Neurocognitive aging theories are based on age differences in blood-oxygen-level-dependent signal (BOLD) as measured with functional magnetic resonance imaging (fMRI). However, there is a growing recognition that BOLD age-changes result from many physiologic, neural, and cognitive factors that remain poorly understood and complicate interpretation of BOLD as a straightforward index of age-related neural change. More precise neurocognitive aging hypotheses can be formulated once the physiologic factors underlying age-related BOLD change are disentangled and measured separately. Three such factors are changes in cerebral blood flow (CBF), that deliver O2 to active neurons, change of the cerebral oxygen metabolism rate (CMRO2), an estimate of metabolic neural activity, and event-related potential (ERP), an estimate of post-synaptic neural activity. These factors have not been studied as extensively in aging as we propose to here. Using a dual-echo BOLD/ASL MRI pulse sequence, we have recently demonstrated that these important physiologic factors can be measured in brain aging studies, simultaneously with conventional BOLD signal. In this proposal, we plan to conduct a more systematic study to assess the relationship between age and task-evoked physiologic responses in blood flow, blood oxygenation, brain metabolism, as well as the influence of task-demand on these factors.

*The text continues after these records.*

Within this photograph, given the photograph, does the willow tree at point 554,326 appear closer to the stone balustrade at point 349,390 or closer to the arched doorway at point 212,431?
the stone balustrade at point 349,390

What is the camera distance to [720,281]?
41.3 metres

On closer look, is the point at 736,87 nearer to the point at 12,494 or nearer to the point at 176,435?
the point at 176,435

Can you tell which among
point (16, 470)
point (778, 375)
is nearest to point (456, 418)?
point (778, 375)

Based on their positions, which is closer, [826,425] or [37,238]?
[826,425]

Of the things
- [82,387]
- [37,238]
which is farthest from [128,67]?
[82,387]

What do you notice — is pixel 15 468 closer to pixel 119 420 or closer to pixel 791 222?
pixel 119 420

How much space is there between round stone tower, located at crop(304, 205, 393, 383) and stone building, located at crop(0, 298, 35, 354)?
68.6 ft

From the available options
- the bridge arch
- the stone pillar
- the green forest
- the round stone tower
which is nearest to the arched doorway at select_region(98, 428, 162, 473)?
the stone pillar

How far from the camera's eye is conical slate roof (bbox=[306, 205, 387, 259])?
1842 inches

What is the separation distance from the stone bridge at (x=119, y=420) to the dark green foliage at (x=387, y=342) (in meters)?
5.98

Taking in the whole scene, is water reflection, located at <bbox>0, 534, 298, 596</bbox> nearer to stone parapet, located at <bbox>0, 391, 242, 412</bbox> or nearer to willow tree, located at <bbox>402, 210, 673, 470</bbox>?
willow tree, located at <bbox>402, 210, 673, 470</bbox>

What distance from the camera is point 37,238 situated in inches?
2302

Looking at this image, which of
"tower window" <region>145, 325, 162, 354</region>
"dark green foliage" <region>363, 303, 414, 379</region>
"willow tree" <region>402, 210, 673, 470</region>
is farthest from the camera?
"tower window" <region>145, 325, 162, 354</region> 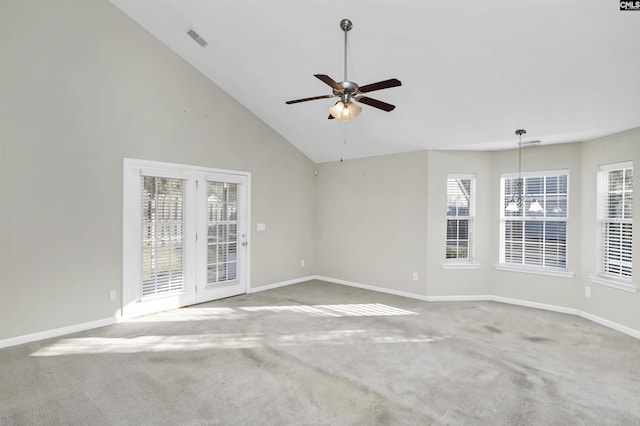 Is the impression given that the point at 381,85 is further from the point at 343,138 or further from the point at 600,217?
the point at 600,217

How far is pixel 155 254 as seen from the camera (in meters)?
4.83

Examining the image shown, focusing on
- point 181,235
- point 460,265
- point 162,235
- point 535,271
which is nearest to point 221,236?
point 181,235

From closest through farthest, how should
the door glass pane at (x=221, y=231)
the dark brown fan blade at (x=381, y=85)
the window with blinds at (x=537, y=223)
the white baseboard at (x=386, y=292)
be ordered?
the dark brown fan blade at (x=381, y=85) → the white baseboard at (x=386, y=292) → the window with blinds at (x=537, y=223) → the door glass pane at (x=221, y=231)

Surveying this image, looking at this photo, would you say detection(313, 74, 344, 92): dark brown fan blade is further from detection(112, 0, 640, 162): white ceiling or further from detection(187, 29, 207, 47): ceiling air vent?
detection(187, 29, 207, 47): ceiling air vent

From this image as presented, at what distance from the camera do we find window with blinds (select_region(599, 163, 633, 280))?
439cm

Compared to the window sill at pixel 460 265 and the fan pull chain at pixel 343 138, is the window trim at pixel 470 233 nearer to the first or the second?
the window sill at pixel 460 265

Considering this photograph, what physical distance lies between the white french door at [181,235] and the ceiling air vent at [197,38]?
5.75ft

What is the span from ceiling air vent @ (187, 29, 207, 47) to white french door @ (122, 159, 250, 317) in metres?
1.75

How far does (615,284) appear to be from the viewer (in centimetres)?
443

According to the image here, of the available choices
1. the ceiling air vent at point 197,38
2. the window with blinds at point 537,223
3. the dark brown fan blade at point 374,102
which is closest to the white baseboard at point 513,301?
the window with blinds at point 537,223

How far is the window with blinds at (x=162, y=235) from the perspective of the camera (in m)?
4.74

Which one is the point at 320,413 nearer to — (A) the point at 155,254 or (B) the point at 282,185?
(A) the point at 155,254

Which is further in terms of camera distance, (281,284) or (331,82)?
(281,284)

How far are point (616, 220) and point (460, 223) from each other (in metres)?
2.04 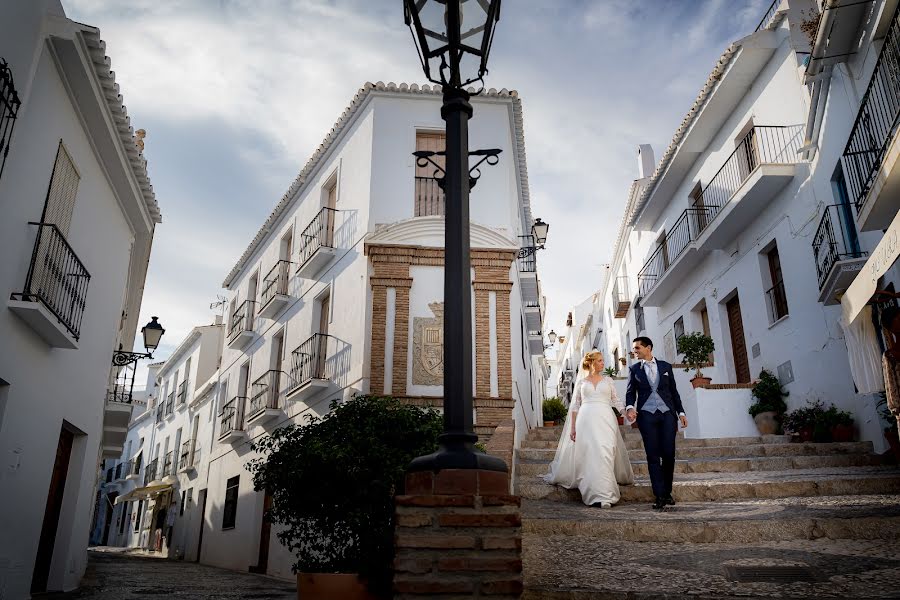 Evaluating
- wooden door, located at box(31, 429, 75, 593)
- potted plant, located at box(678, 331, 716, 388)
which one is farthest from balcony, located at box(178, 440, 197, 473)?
potted plant, located at box(678, 331, 716, 388)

We propose a general model on age-related changes in brain physiology that can reconcile diverse results in neurocognitive aging literature. We test the model in three Aims.
Aims 1 and 2 are to measure age differences in visual and motor cortex BOLD, ERP, CMRO2, and CBF response to sensory and motor task-demands of varying strength.
In Aim 3 we will assess the role of CBF-CMRO2 uncoupling in age- related working memory and processing speed changes. Achieving our grant aims will yield new knowledge about (1) basic mechanisms of age-changes in neural function, (2) age-related neural-vascular changes that give rise to BOLD changes, and (3) how these basic mechanisms are tied to performance.
Current brain aging theories are based on functional magnetic resonance imaging (fMRI) signal. However, there is a growing recognition that this signal does not accurately reflect age differences in brain activity. We propose new fMRI techniques to measure diverse brain-activity indices, permitting a greater understanding of how brain aging leads to the mental slowing and memory changes that characterize the adult human life-span.